Als überzeugter Kommunist war Brecht 1933 von den Nationalsozialisten ins Exil gedrängt worden, hatte sich nach dem Zweiten Weltkrieg in Ost-Berlin niedergelassen und das Berliner Ensemble gegründet. So wundert es nicht, dass er bald nach der Gründung der DDR Einzug in die Lehrpläne für den Deutschunterricht hielt und an der Schwarzenberger Oberschule bereits im Schuljahr 1954/55 Schulleiter Hagemann Schülerinnen, Schüler und Lehrer zu einer intensiven Auseinandersetzung mit seinem Werk anstieß. Hagemann war es auch, der kurz nach Brechts Tod einen literarisch-musikalischen Abend anregte, um die weltweite Bedeutung des Schriftstellers zu würdigen. Vermutlich war in dieser Zeit bereits der Wunsch zur Namensverleihung gereift. Zu den Brecht-Verehrern zählte neben dem Schulleiter auch der Deutschlehrer und spätere Germanistikprofessor Johannes Goldhahn, der von der SED-Schulparteiorganisation den Auftrag erhielt, sich mit einem entsprechenden Schreiben an Brechts Witwe Helene Weigel zu wenden. Diese antwortete umgehend:
Lieber Herr Goldhahn,
ich danke Ihnen recht herzlich für Ihren Brief. Es freut mich sehr, dass Sie der Oberschule in Schwarzenberg den Namen Bertolt Brecht geben wollen, und ich gebe Ihnen gern dazu meine Einwilligung.
Mit bestem Gruß
gez. Helene Weigel.
Ein eigens gegründeter Ausschuss sah die Hauptaufgabe der Vorbereitung der Namensverleihung im Vertrautmachen der Schülerschaft mit Brechts Leben und Werk im Deutschunterricht. Außerdem regte er jährliche Fahrten der Schwarzenberger Schülerinnen und Schüler zum Berliner Ensemble an.
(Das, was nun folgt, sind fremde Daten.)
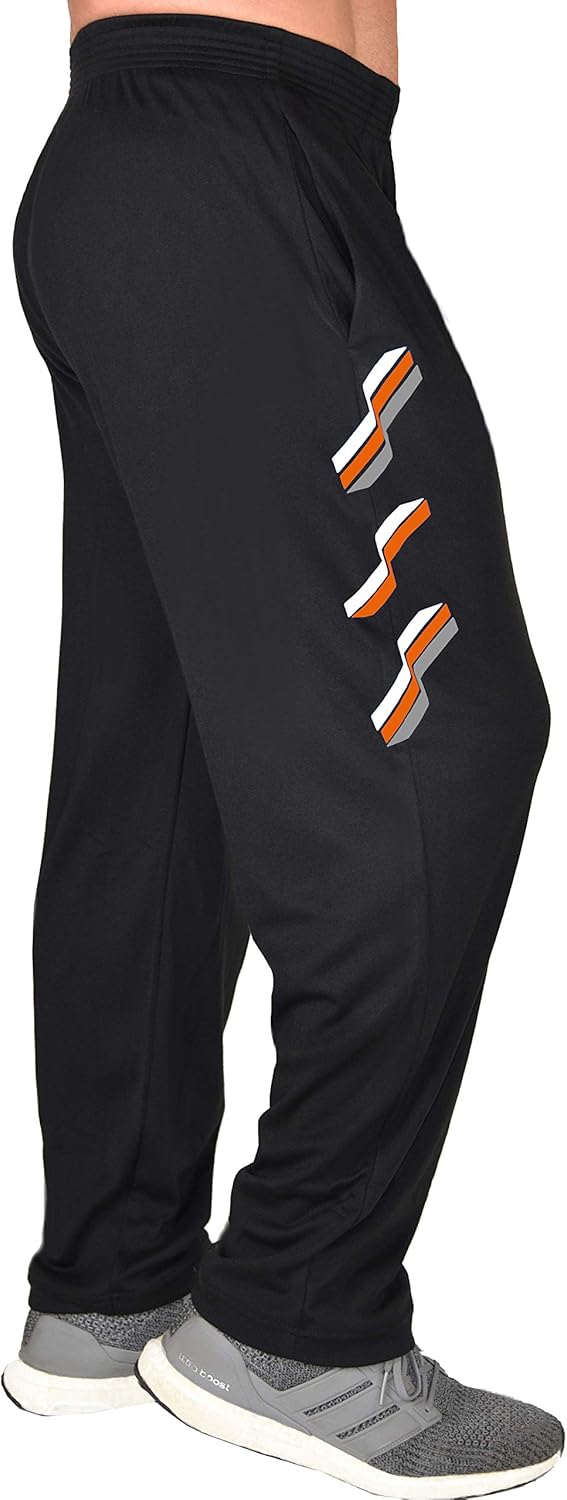 Baggy Workout Pants in Black with White,Orange and White
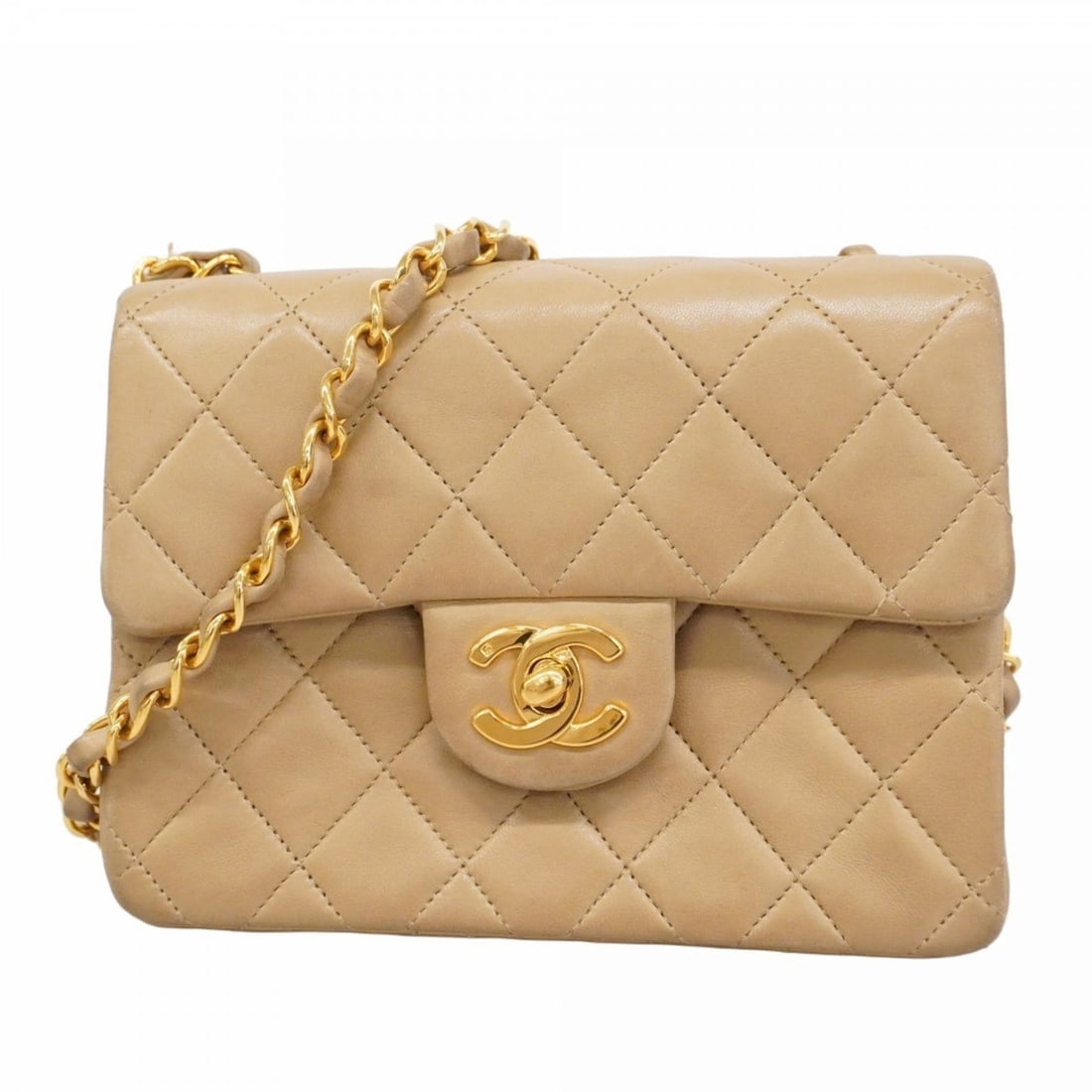 Chanel Mini Matelasse Shoulder Bag with Chain Bag, Beige Lambskin, Women's, P2281769 (1 of 18)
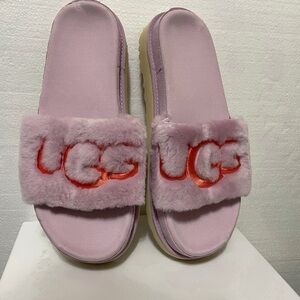 UGG Women's Laton Fur Platform Slippers‎ Slip Pink Purple  Size 11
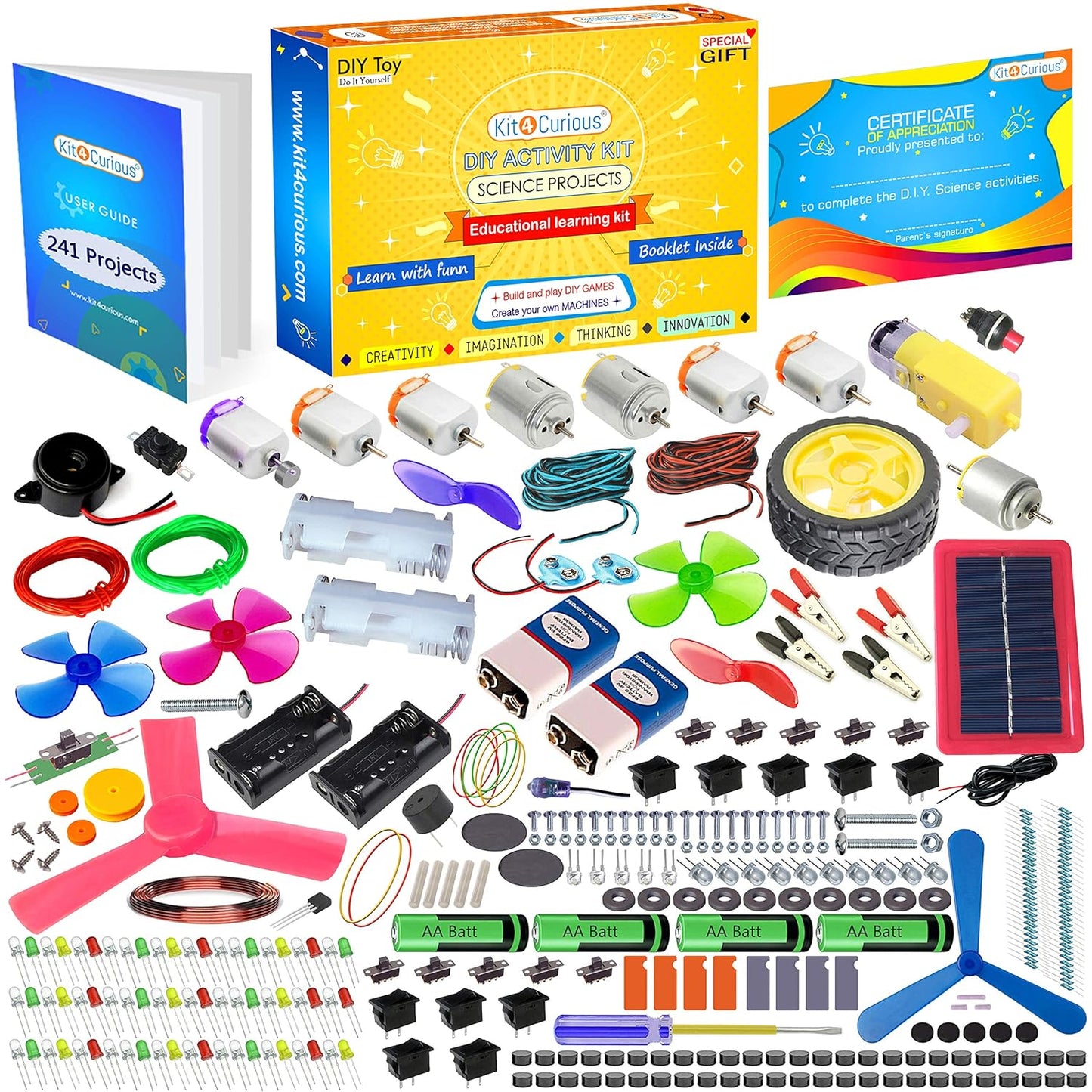 Kit4Curious Super Kit 100 Items in a kit – Science & Fun Innovation Kit with Instruction Manual for 100 Projects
Zitate von Marx und Brecht sollten außerdem die Sprüche an der Fassade des Schulgebäudes ersetzen, was allerdings später verworfen wurde. Am Vorabend der Namensverleihung richtete der Rat des Kreises einen Festempfang im „Haus der Einheit“ aus, bevor am 14. September 1957 die eigentliche Festveranstaltung stattfand. Auf eine Ansprache des Schulleiters folgte ein von Lehrern und Schülern gestaltetes Programm, an dem aus dem Berliner Ensemble der Schauspieler Norbert Christian, der Regisseur Wolfgang Pintzka und die Schauspielerin, Dramaturgie- und Regieassistentin Isot Kilian teilnahmen. Am selben Tag wurde der an der Fassade angebrachte Schriftzug „Bertolt-Brecht-Oberschule“ enthüllt. Die Schwarzenberger Schule war die erste in der DDR, die diesen Namen trug.
Als eine Gruppe Schwarzenberger Oberschüler im Jahr darauf die „IV. Deutsche Kunstausstellung“ in Dresden besuchte, wurden die Teilnehmer auf eine Brecht-Plastik des Bildhauers und Professors an der Kunsthochschule Berlin-Weißensee Waldemar Grzimek aufmerksam. Die Schule nahm Kontakt zu dem Künstler auf und erhielt 1959 einen Abguss, der zunächst im Aufgang vom 1. ins 2. Obergeschoss einen Platz fand und heute in der Eingangshalle des Schulgebäudes an der Bermsgrüner Straße aufgestellt ist. Gemeinsam mit der Urkunde erinnert sie noch heute an die Verleihung des Namens, den die Schule trotz verschiedener Vorstöße nach der Friedlichen Revolution bis heute trägt.